Unsplash/Annie Spratt

(Center of the American Experiment) — The third draft of the social studies standards is out, and MDE will soon begin the formal rulemaking process that will entrench them in Minnesota’s K-12 classrooms.

The bad news is that — though there have been some tweaks — the standards are the same in all essentials. They are driven by the themes of Critical Race Theory: group identity based on race; life as a power struggle between oppressors and victims; and American history as a shameful story of domination, marginalization and injustice.

Ideology has replaced the basic factual knowledge students need to be informed citizens.

The good news is that American Experiment is gearing up for a long-haul fight as the standards wend their way through the rule-making process. That will take 18 months to two years, and will include “multiple opportunities” for public comments and potential changes. There will be a hearing before an Administrative Law Judge before formal adoption.

There are two ways to make your voice heard on the third draft social studies standards.

The first is easy — sign our petition and send a message to the Minnesota Department of Education and the Office of Administrative Hearings. You can sign your name to our prepared text or personalize it with your own thoughts. Click here to sign the petition urging changes to the third draft. The MDE comment period closes on Dec. 14, 2021, and your comments will be sent to both MDE and the Office of Administrative Hearings.

The second way to make your voice heard is to engage directly with the Office of Administrative Hearings through their open comment process. Commenters can join an ongoing discussion Minnesotans are having about the current draft of the standards. You can even attach documents to your comments as you make your argument. The Administrative Law Judge will read all of the comments before making a decision. Click here to create a profile and join the discussion. This comment period closes on Jan. 14, 2022.

Themes

The primary vehicle for CRT ideology in the third draft is “Ethnic Studies.” In the second draft, MDE’s drafting committee added this highly politicized “fifth strand” to the four Social Studies content areas named in state law, and MDE has now incorporated it in the final draft. As a result, it appears Minnesota is poised to become one of a handful of states that require the radical Ethnic Studies agenda for all grades.

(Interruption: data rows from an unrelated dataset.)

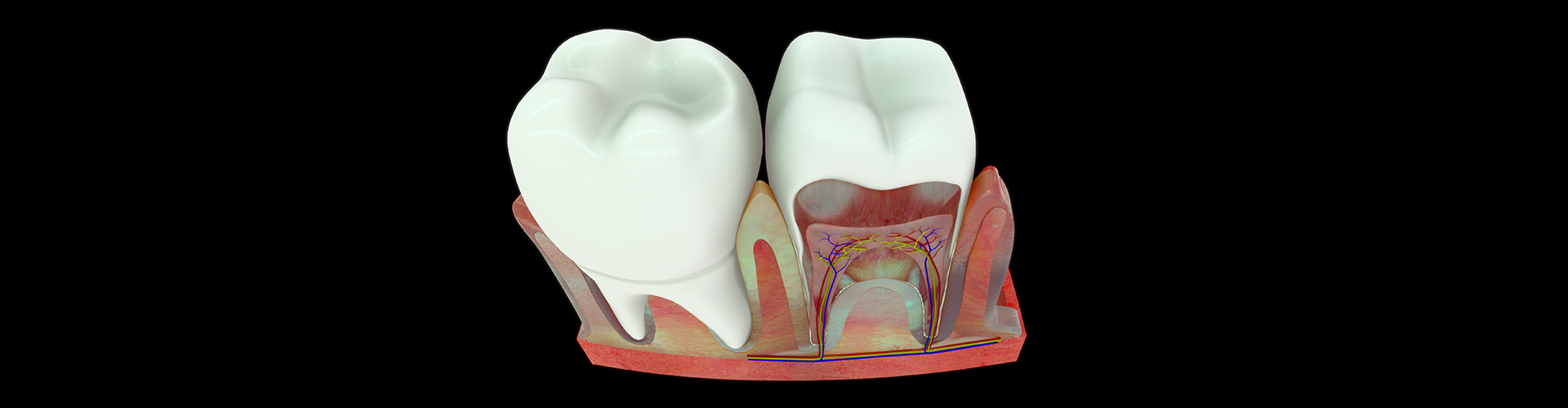rendering of a tooth with the anatomy exposed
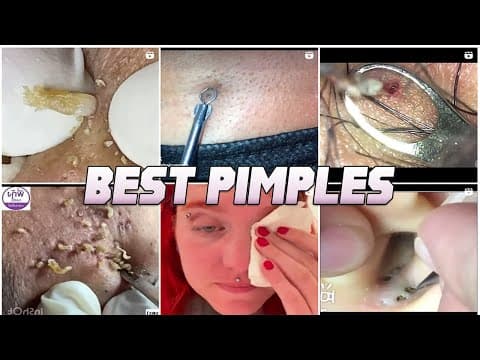 Looking For Great Pimple Popping And Great Sleep?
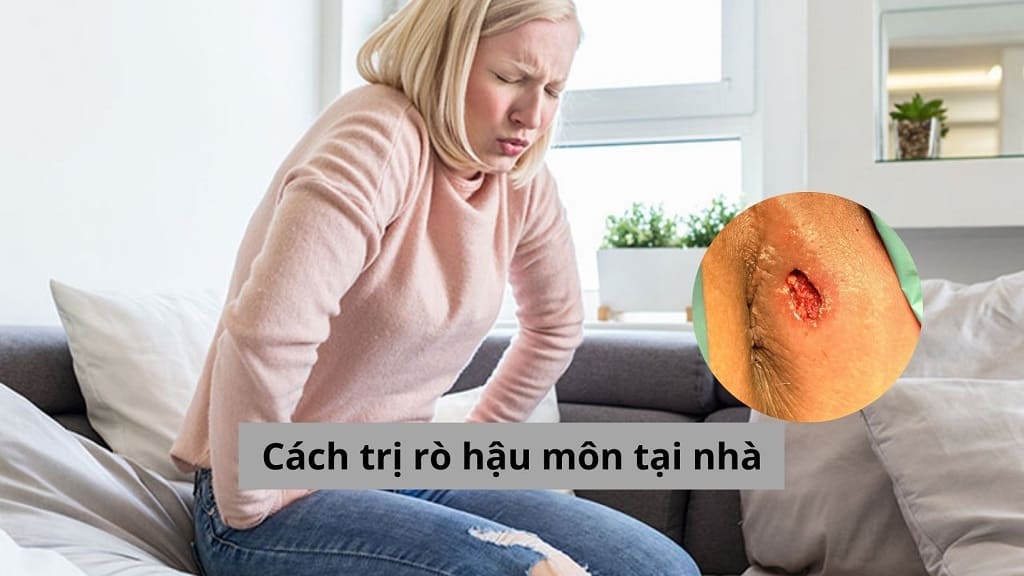 Cách trị rò hậu môn tại nhà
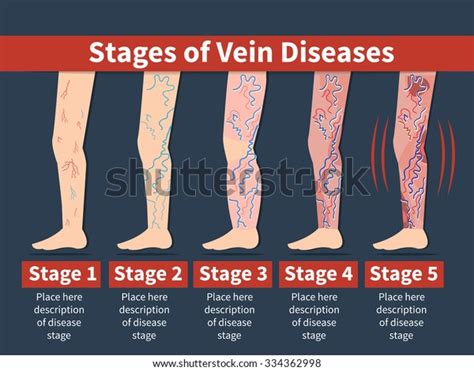 Vector Varicose Infographic Stage Vein Diseases Stock Vector Royalty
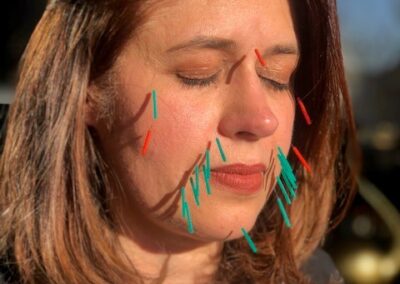 ACUPUNCTURE VISAGE LIFTING ride anti age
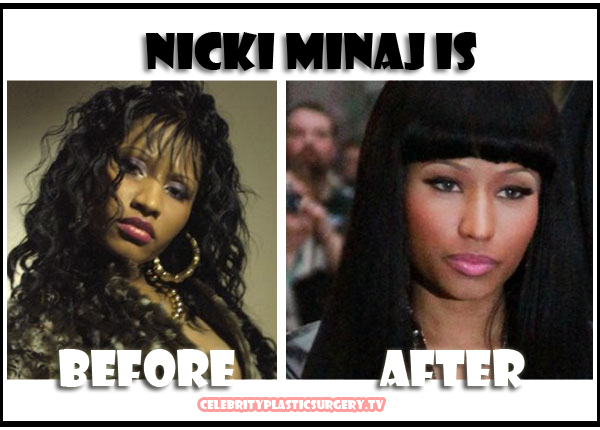 welcome to jenny&rsquo;s blog: Nicki Minaj: Before & after surgeries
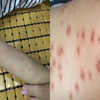 女子一觉醒来身上奇痒无比，爆出密密麻麻红疹子，近期多人中招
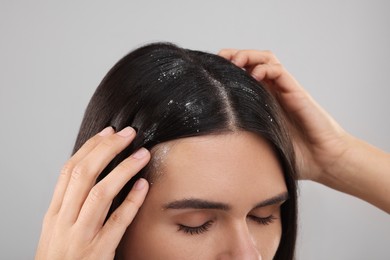 Woman examining her hair and scalp on grey background, closeup. Dandruff problem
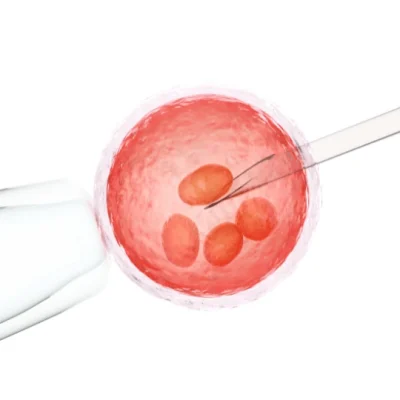 preimplantation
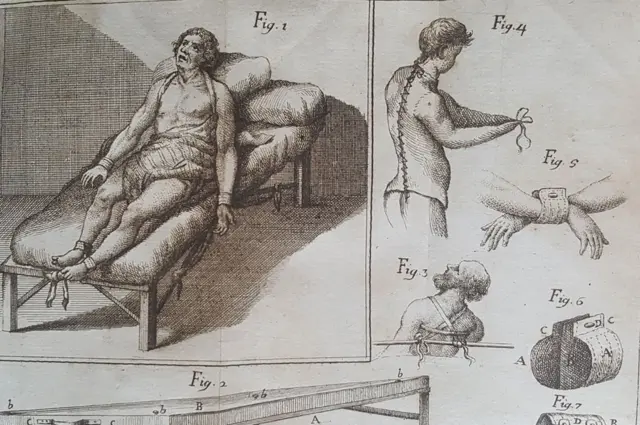 El primer dibujo de una camisa de fuerza, realizado por Vincenzo Chiarugi en 1794.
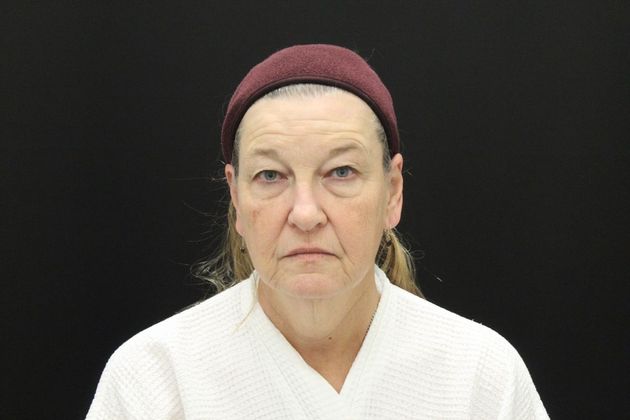 Face & Neck Lifts: Case 8 - Before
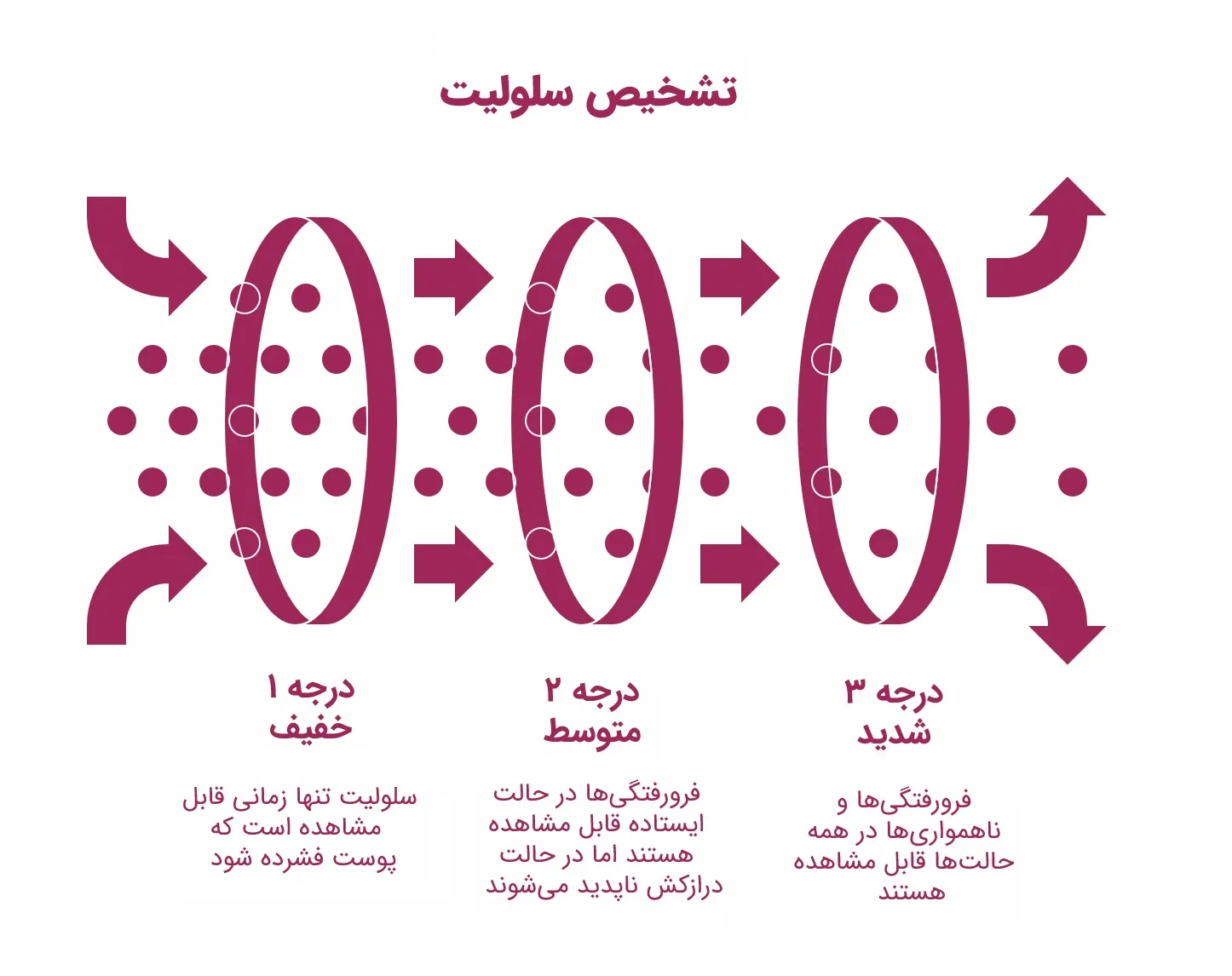 اینفوگرافیک درجه‌بندی شدت سلولیت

The first Ethnic Studies standard (Std. 23) teaches that a student’s personal identity is determined by his or her group status:

  • “Identity: Analyze the ways power and language construct the social identities of race, religion, geography, ethnicity and gender. Apply these understandings to one’s own social identities and other groups living in Minnesota, centering those whose stories and histories have been marginalized, erased or ignored.”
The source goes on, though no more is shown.